Подобные вымыслы — которые, что вполне ожидаемо, приветствовались поколением самодовольных идеологов, с некоторым удовольствием объявивших о смерти референта, если не о конце самой истории — тоже достаточно ясно демонстрируют признаки облегчения и эйфории постмодерна, о которых мы уже говорили, причем примерно по тем же причинам. Эти исторические фантазии, в отличие от фантазий других эпох (например, в псевдошекспировском историческом романе начала девятнадцатого века), по существу, не стремятся к дереализации прошлого, к облегчению бремени исторического факта и исторической необходимости, к его превращению в костюмированную загадку и туманные празднества без последствий и без необратимых решений. В то же время постмодернистская фантастическая историография не стремится, в отличие от натурализма, свести суровое детерминистическое событие истории к микроскопическим проявлениям естественного закона, наблюдаемым с орбиты Меркурия, а потому и принимаемым с хрестоматийной стоической выдержкой, сила и сосредоточенность которой способны сократить до минимума страх решения и превратить пессимизм неудачи в более приятные и понижающиеся каденции вагнеровско-шопенгауэровского мировоззрения. Однако новая свободная игра с прошлым — бредовый безостановочный монолог его постмодернистской ревизии во множестве междусобойных нарративов, очевидно, одинаково нетерпим к приоритетам и обязательствам, не говоря уже об ответственности, различных видов партийной истории, скучно однообразных в своей неизменной преданности.

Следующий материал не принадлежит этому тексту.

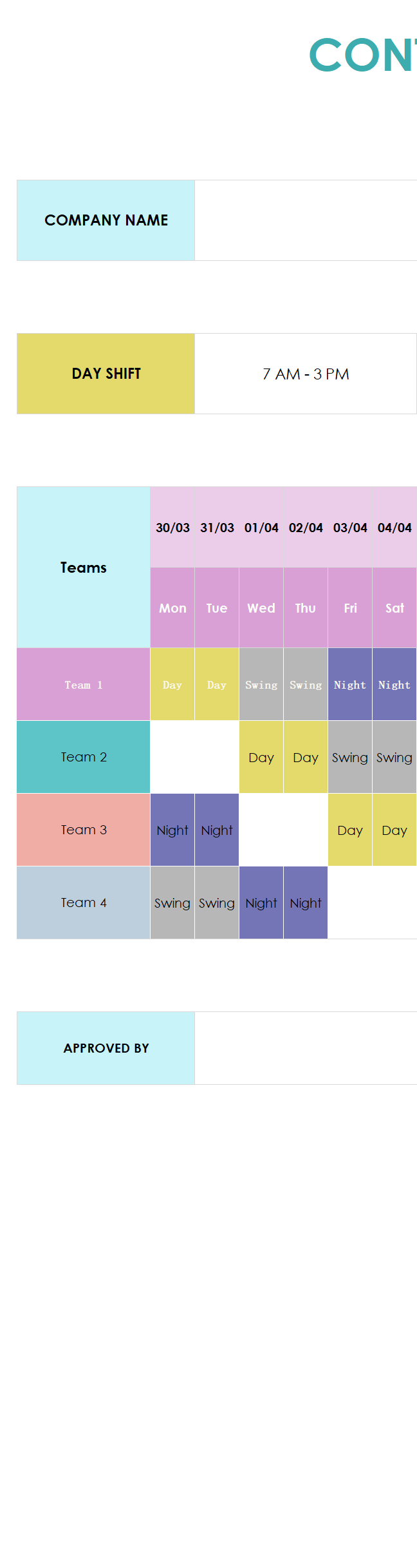 excel continental shift schedule template template screenshot — PlanoraNest Excel template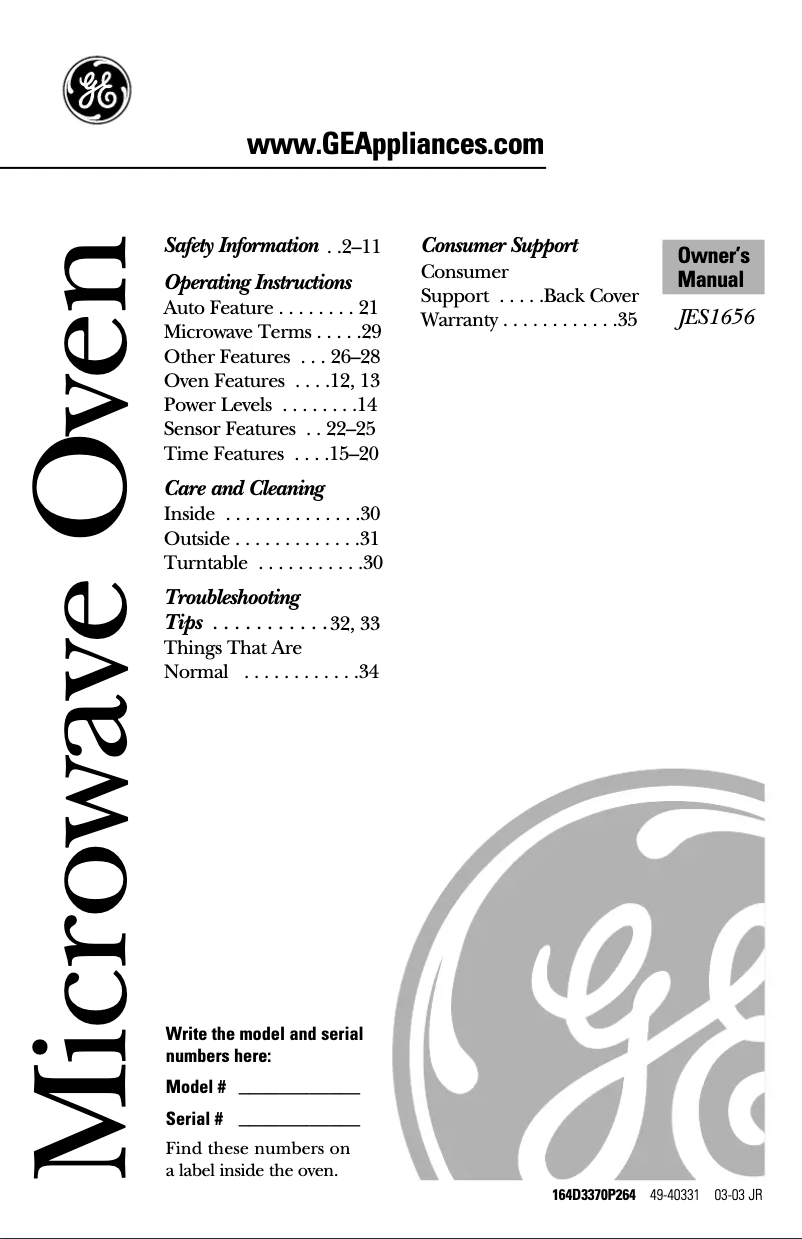 First page image of the manual for JES1656BH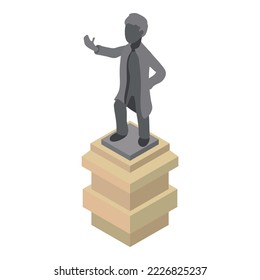 Monument icon isometric vector. Monument to man in full height on pedestal icon. Piece of monumental art, sculpture little prince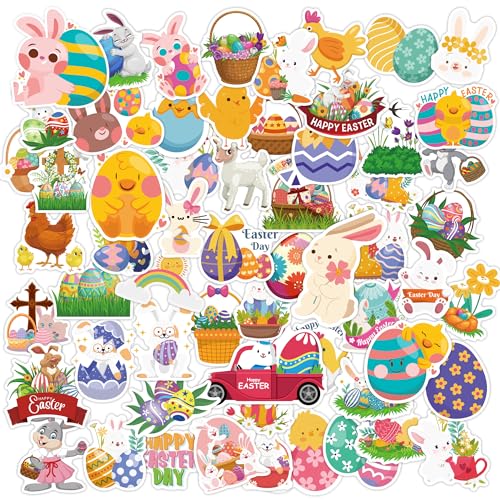 OHOME Easter Stickers | 120 PCS Egg Bunny Stickers for Kids -Easter Egg Stuffers - Vinyl Easter Games Crafts Activities Party Favors Basket Stuffers - Kids Gifts for Boys Girls - style: Easter Stickers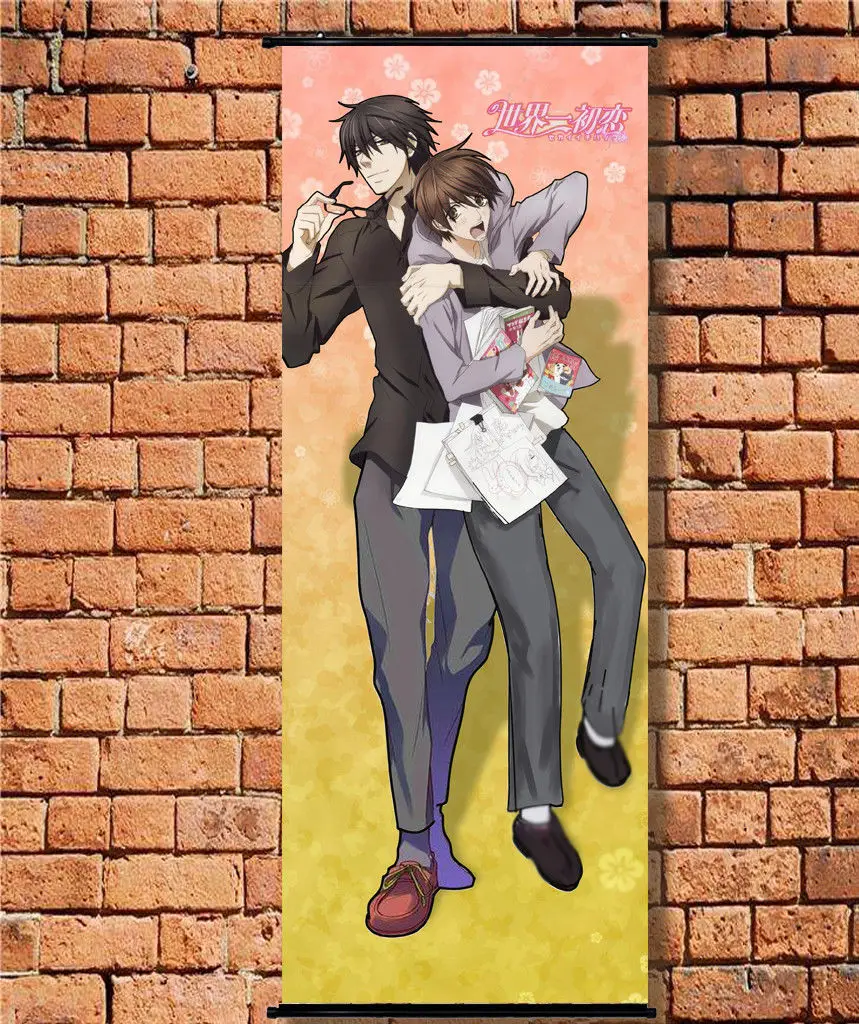 Sekai Ichi Hatsukoi World's First Love Yaoi BL тканевый плакат настенный прокрутка 105x40 см|Рисование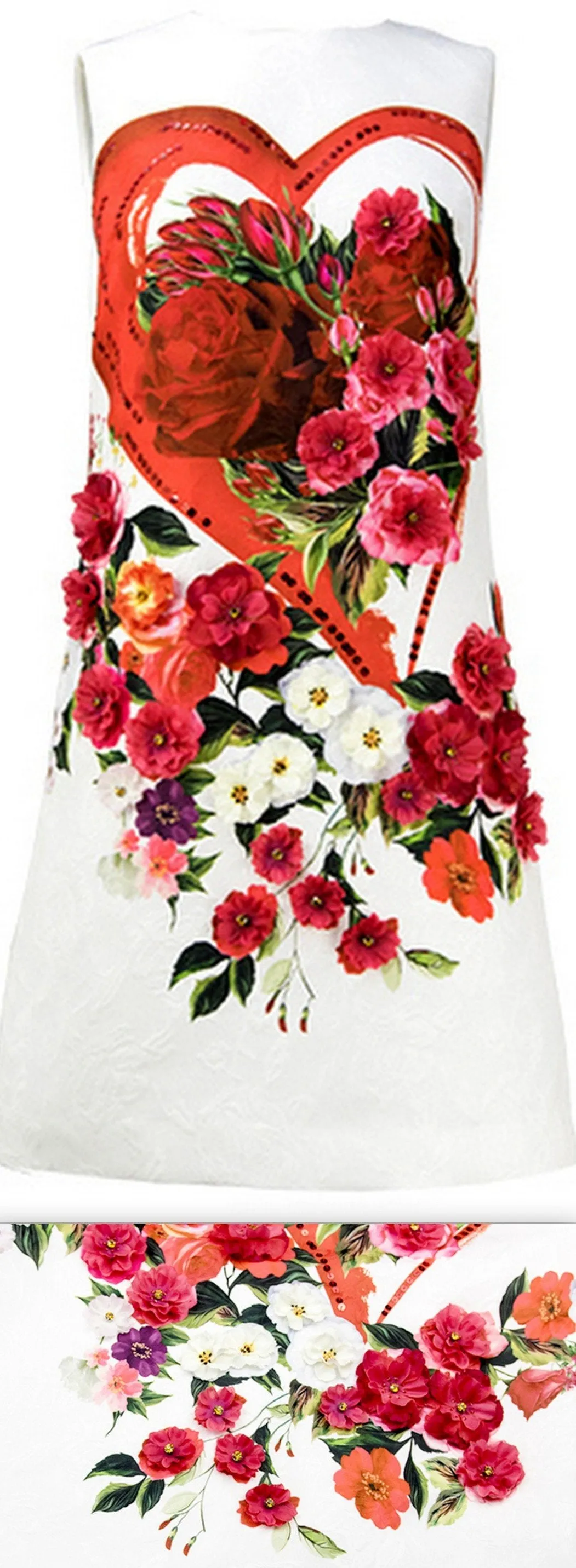 Floral and Heart Embellished Mini Dress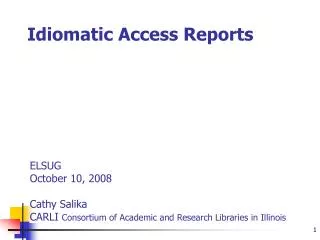 Idiomatic Access Reports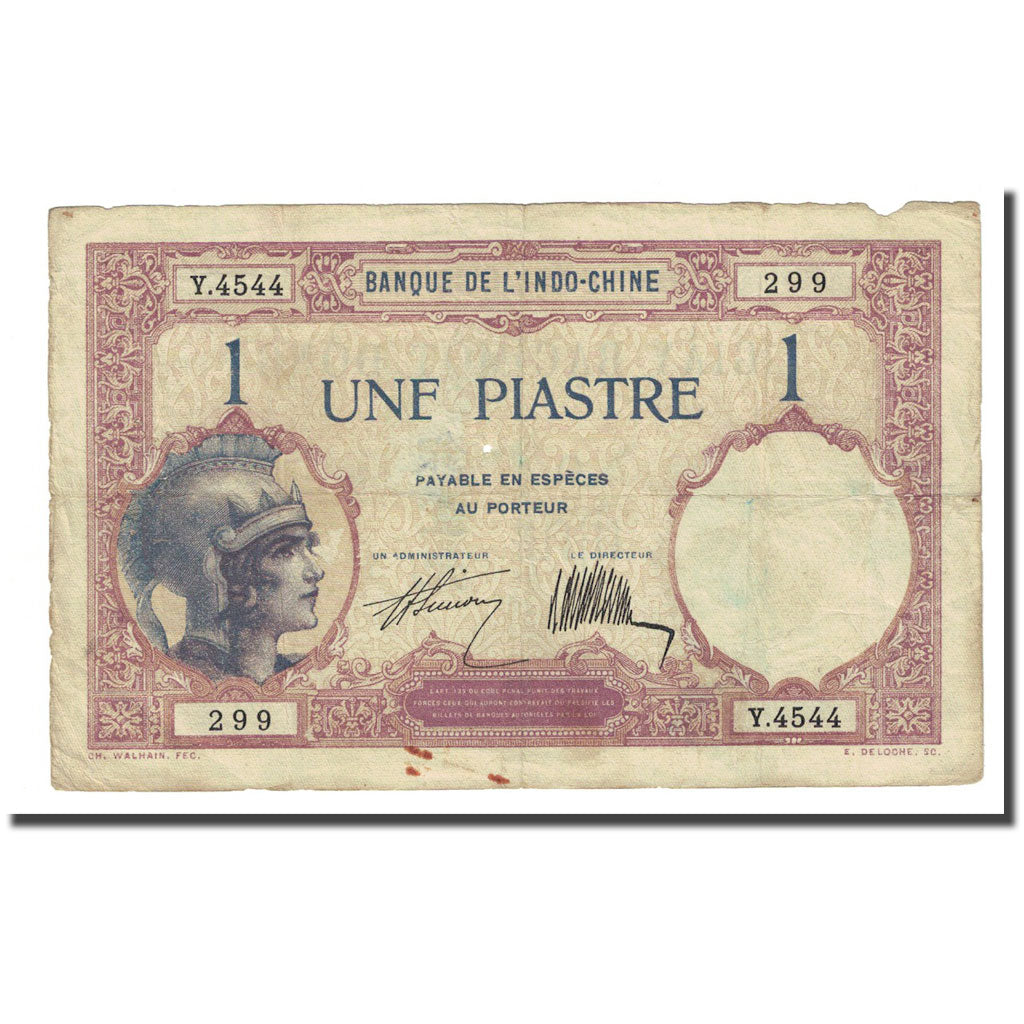 Banknote, FRENCH INDO-CHINA, 1 Piastre, Undated (1927-31), KM:48b, F(12-15)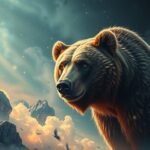 Un orso bruno maestoso in un paesaggio mistico di montagna.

Тем не менее можно считать, что эти нарративы поддерживают более активное отношение к праксису, чем указывалось ранее и чем позволяла более педантичная теория истории: в данном случае придумывание нереальной истории является субститутом созидания истории реальной. Оно миметически выражает попытку вернуть эту власть и восстановить праксис за счет прошлого и того, что должно называться скорее причудой, чем воображением. Выдумка (fabulation) — или, если угодно, мифомания и откровенные побасенки — это, несомненно, симптом социального и исторического бессилия, блокировки возможностей, оставляющей мало вариантов, помимо воображаемых. Однако присущее ей изобретение и изобретательность подкрепляет творческую свободу в отношении событий, которые оно не может контролировать, простым актом их умножения; действие здесь выходит за пределы исторического документа в самом процессе его разработки; новые — множественные или альтернативные — цепочки событий сотрясают тюремные решетки национальной традиции и учебников истории, чьи ограничения и необходимости как раз и осуждаются их пародийной силой. Нарративное изобретение в силу самой своей неправдоподобности становится фигурой большей возможности праксиса, его компенсацией, но также его утверждением в форме проекции и миметической реконструкции.
Вторая форма постмодернистского историографического нарратива является в каком-то смысле перевернутой предыдущей. В этом случае чисто фикциональное намерение подчеркивается и переутверждается в производстве воображаемых людей и событий, среди которых время от времени неожиданно появляются или исчезают люди из реальной жизни: я уже приводил в пример практику Доктороу в «Регтайме» с его Морганами и Фордами, Гудини, Тоу и Уайтами[299]
, и его можно использовать и здесь, признав характерным для ряда самых разных коллажных эффектов, когда фигура из газеты наклеивается на нарисованный фон, а конфетти статистических данных неожиданно разбрасывается посреди романа о семейной жизни. Такие эффекты — не просто повторение Дос Пассоса, который все же соблюдал категории правдоподобия, когда дело касалось его всемирно-исторических персонажей; также такой род вымышленной истории не имеет ничего общего с другим характерным для постмодерна продуктом, названным мною кинематографом ностальгии, в котором тон и стиль целой эпохи становится главным героем, деятелем и самостоятельной «всемирно-исторической личностью» (что приводит к значительному снижению дикой энергии воображения, проявляющейся в обоих типах историографических фантазий, здесь рассматриваемых).Об этом втором типе (в котором хорошо известная формула возвращается в исходное положение, и жабы снова становятся «реальными», тогда как сады — воображаемыми) можно сказать, что это именно та пространственная историография, которая может сказать нечто совершенно особенное как о постмодернистской пространственности, так и о том, что вообще случилось с постмодернистским чувством истории.